* _YOUR ASSIGNMENT_:
Output the entries below word for word, stopping once the line containing "LOVE LUBRICANT PACK" is done, and omit each picture.

* _EXTRACTED MATERIAL_:
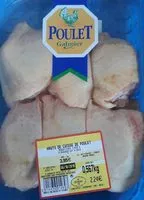 Mängden socker i Haut de cuisse de poulet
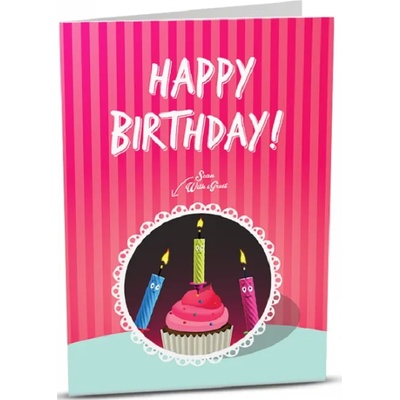 iGreet Картичка iGreet - Пеещи свещички (HB004)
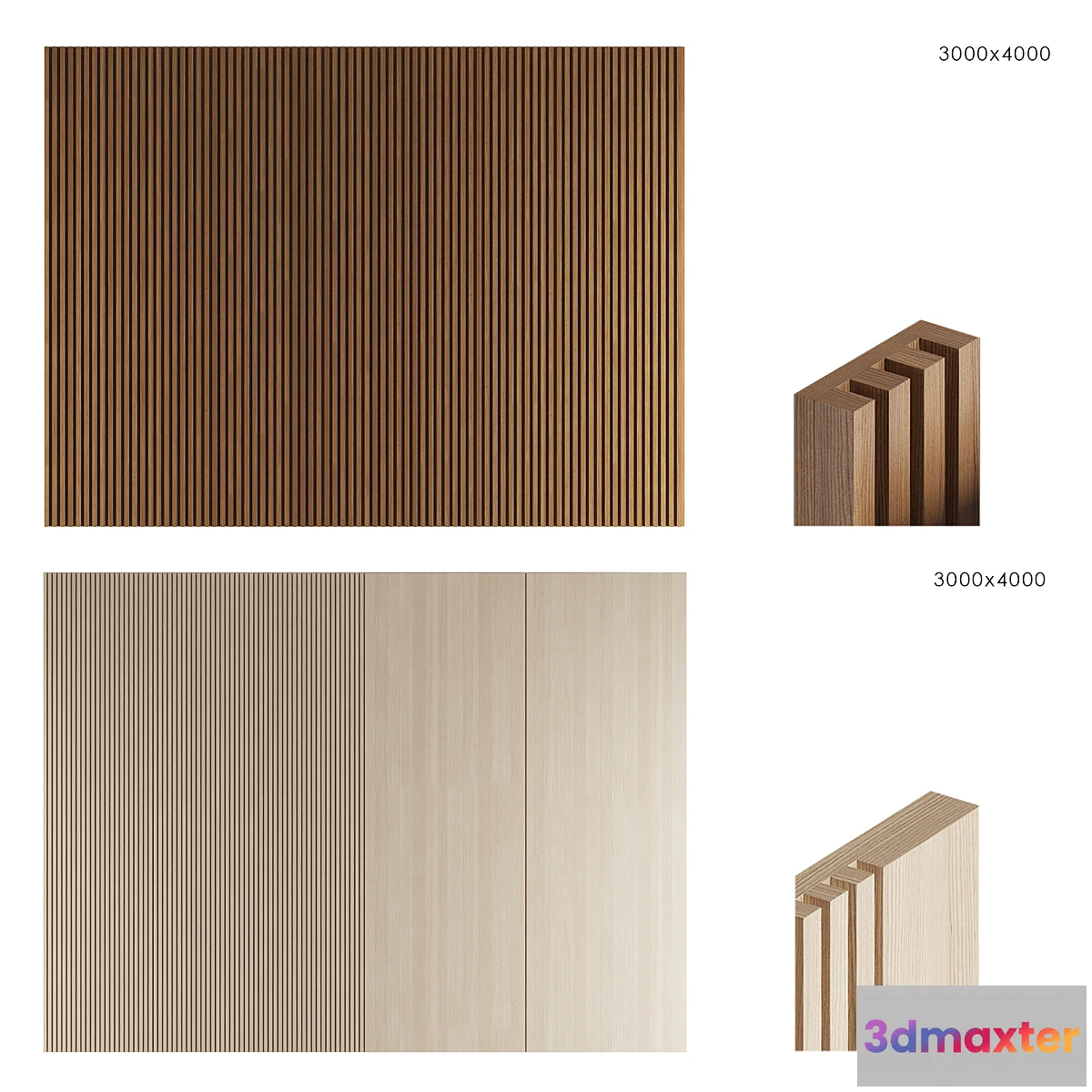 869081 - Wood panels set 1 - No.8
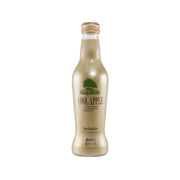 RINGOWORK sparkling juice bottle, cool apple, front label, 230 mL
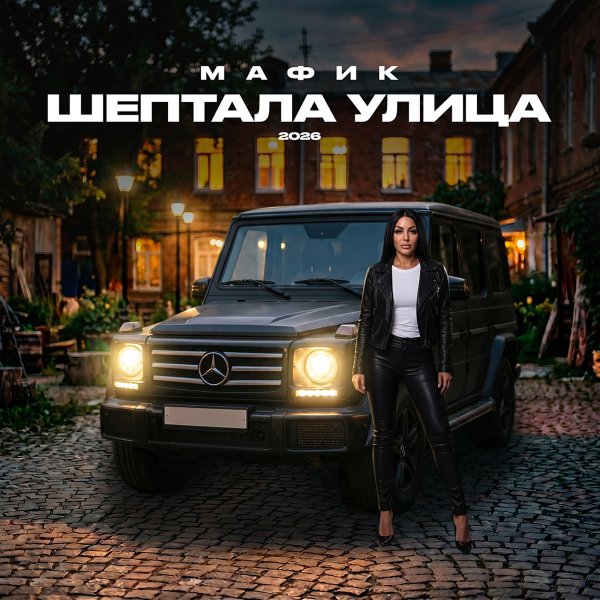 Мафик - Шептала улица (Альбом)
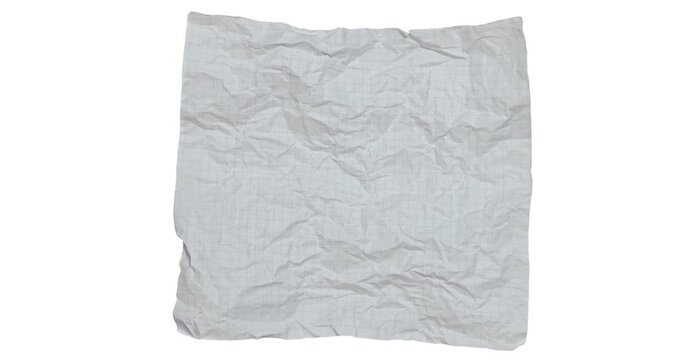 Crumpled paper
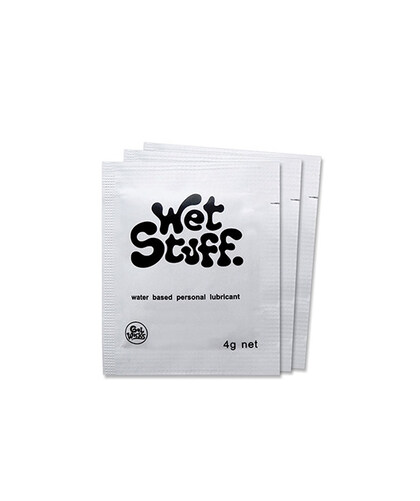 LOVE LUBRICANT PACK Lubricante en formato bolsillo, 3 unidades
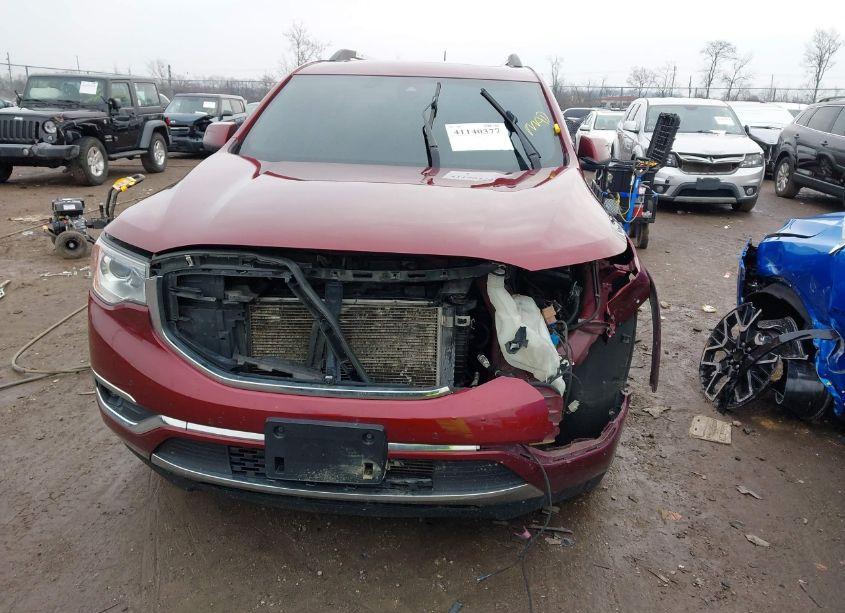 Photo 12 of 2017 Gmc Acadia DENALI (VIN 1GKKNPLS7HZ279510)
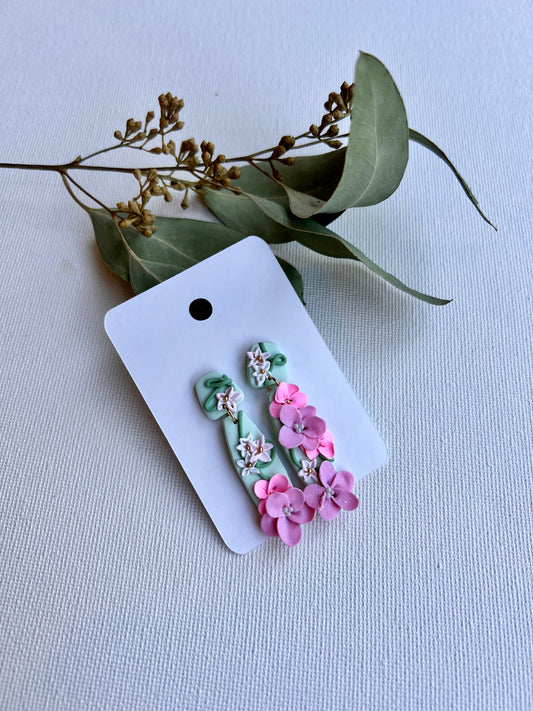 Flower Garden Earrings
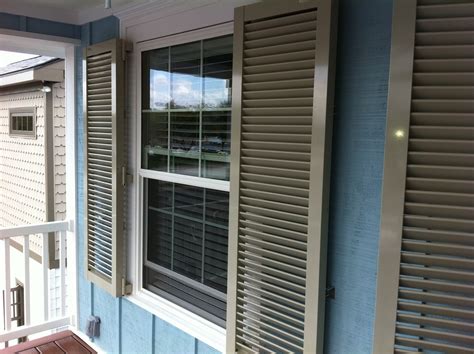 Colonial Hurricane Shutters - Aluminum, Clear, Protexan, Lexan ...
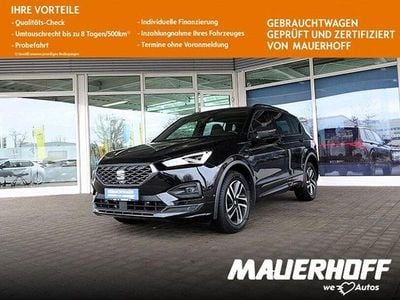 Deep black Gebraucht 2023 Seat Tarraco FR SUV | 35.990 € (Fairer Preis)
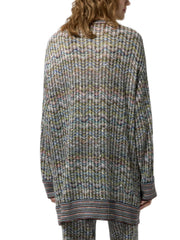 MISSONI CAPERDONI MAXI CARDIGAN DS26WM0NBC006D SMSPW 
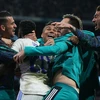 Real Madrid đã làm nên màn ngược dòng khó tin để vào chung kết Champions League. (Nguồn: Getty Images)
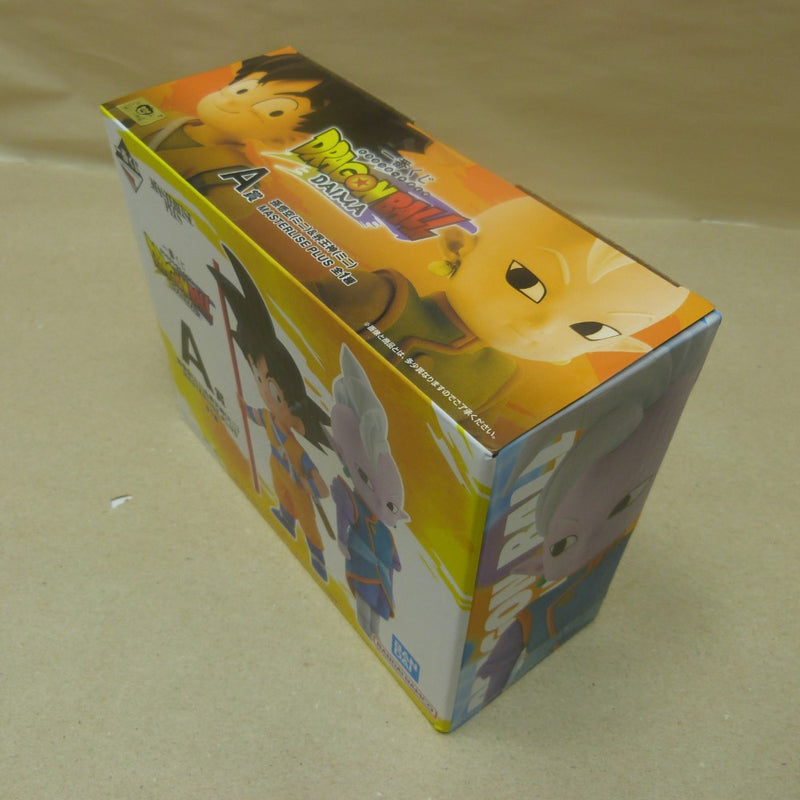 【中古】【未開封】孫悟空(ミニ)＆界王神(ミニ) 「一番くじ ドラゴンボールDAIMA」 MASTERLISE PLUS A賞＜フィギュア＞（代引き不可）6600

* _ANSWER_:
 Mängden socker i Haut de cuisse de poulet
 iGreet Картичка iGreet - Пеещи свещички (HB004)
 869081 - Wood panels set 1 - No.8
 RINGOWORK sparkling juice bottle, cool apple, front label, 230 mL
 Мафик - Шептала улица (Альбом)
 Crumpled paper
 LOVE LUBRICANT PACK Lubricante en formato bolsillo, 3 unidades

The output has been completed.